A caterpillar mummified with gems, playing in front of the mirror. Fine bristles of a brush scraping against an eyeshadow. The make-up artist Berny Ferr picks up waste materials and uncovers their potential with his fingertips. He employs upcycling techniques to transform faces into new worlds. From the artform of Drag to contouring “Earth Twins” of another exoplanet. The 5th place contestant from the BBC show Glow up Season 2, knows how a PlantSim would look like if they hit the club. To give free rein to his handcraft, Berny unites contrast colors that blur into each other. Innovation happens when his discoveries are studied with a mycological curiosity of its own.
What fascinated you as a child?
I remember my sister showing me this film called “Party Monster” when I was about thirteen. And it is about the club kid subculture in the late eighties and early nineties. With Michael Alig running through the New York nightlife. A lot of my work is inspired by electronic sounds, techno and high bpm – the filthier the better. With sharp lines and structure, my work can go from controlled messiness to prim and proper. Add to that the time when I discovered Alice Glass and Grimes. They shaped me as the artist and queer person I am today.
What are some personal habits of yours?
I am a neurodiverse character with a collection of habits. One of them is the paper label on soft toys. The texture soothes me when I run my fingertips over the edges of the paper. I have been doing this since my childhood, and I still do it now, at the age of twenty-four.
"One of them is the paper label on soft toys. The texture soothes me when I run my fingertips over the edges of the paper."
What objects and sounds surround you in your home?
I am surrounded by the sound of my new rescue cat Zuko, running back and forth like a pendulum swinging. In the background you can hear anime, from “Attack on Titan” to “Steins Gate”, I have watched hundreds. In my make-up room lives my mascot Sandra. She is a hair block from the time when I studied hair in university. I have not done hair since, so I kept her as a companion. My dad and I are sharing a home since he raised me. We have an old welsh cabinet in the kitchen, an accordion in the living room as well as a vintage violin. There is quirky little nifty bits all over the house. It is like a labyrinth of things.

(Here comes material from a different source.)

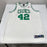 Tony Allen Signed Reebok Boston Celtics Jersey JSA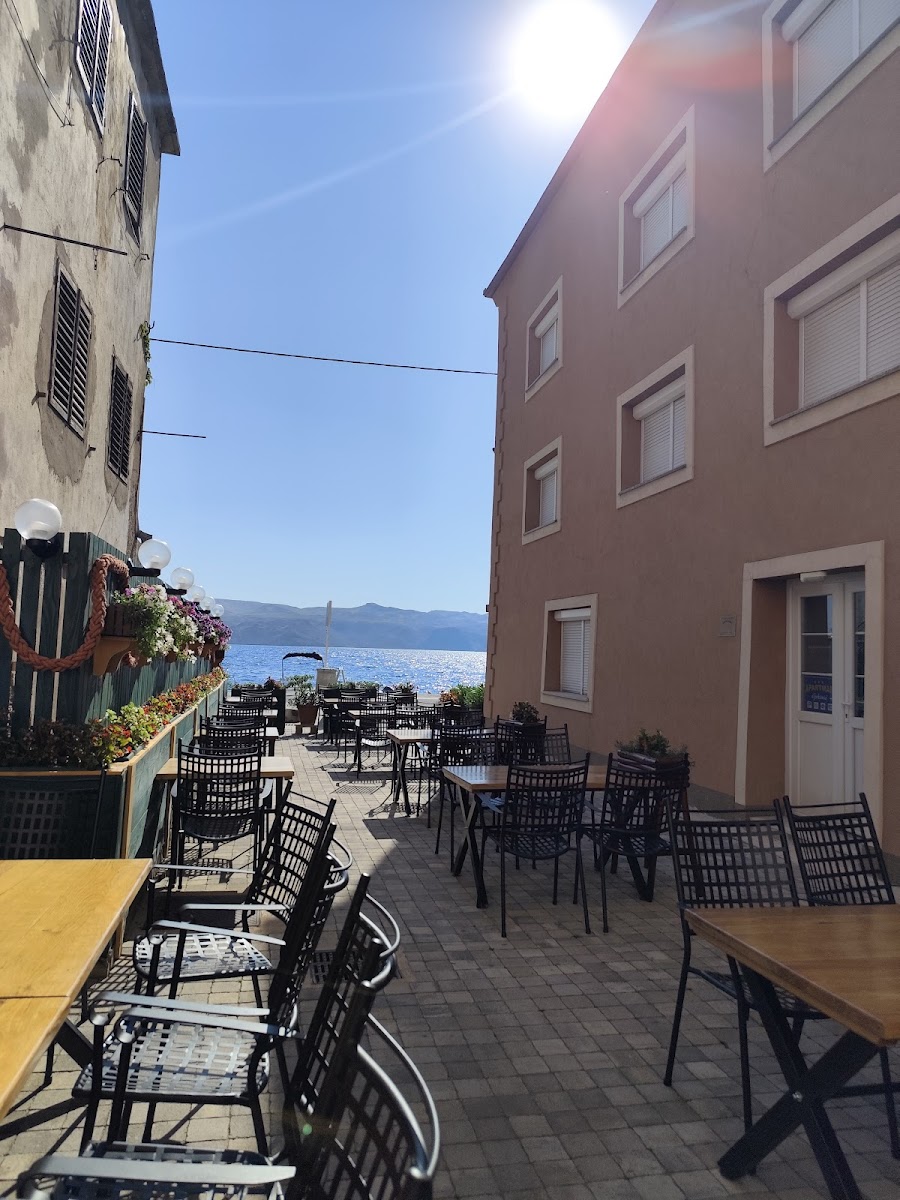 Bistro Adriatik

How would you call your own (visual) language?
Make-up with interactive tools. Recently I attached a candle to my nose. I blended it in by using SFX wax, lit the candle and my cigarette. Once I used plastic bottles and reconstructed their containers into small aquariums. I attached them to the sides of my forehead. Through upcycling techniques, I allow the waste to speak for itself. All you need is basic prosthetic application. See what fits your face and what adheres to the skin properly. I would love to find a way to allow heavier objects being attached to my face. Can you imagine the looks if we had the ability to defy physics? I would attach a helicopter propeller to my head so I could fly anywhere.
Which Make-up character would you wear every day ?
I would most likely wear my tropical moth look, because it is fierce and chic. To switch it up, I would hum to Shygirl as a bumble bee character.
How does metamorphosis integrate in your work?
During my no make-up state, I feel like a cocoon. The process of each look allows me to shed my skin and become something different every time. To experiment and to transform means to morph into many different ideas. That could involve a character, an insect or a pretty looking leaf waving at you from the garden.
Make-up, a tool to play with _________ ?
Imagination and Identity. Make-up is a playground to become whatever you want to be. Walking through the rooms with thin high heels in Portugal, I remember showing up in my grandmother´s long dressing gowns. It felt right to be powerful and sassy. I come from a traditional Portuguese background where gender roles are enforced, and whilst my family is fully accepting and open now, there were people who didn’t meet me with much contentment when exploring my canvas as a child. That moment, I felt the need to counteract and challenge the idea of conventional beauty. Dismantle the heteropatriarchy and let all the queerness flourish.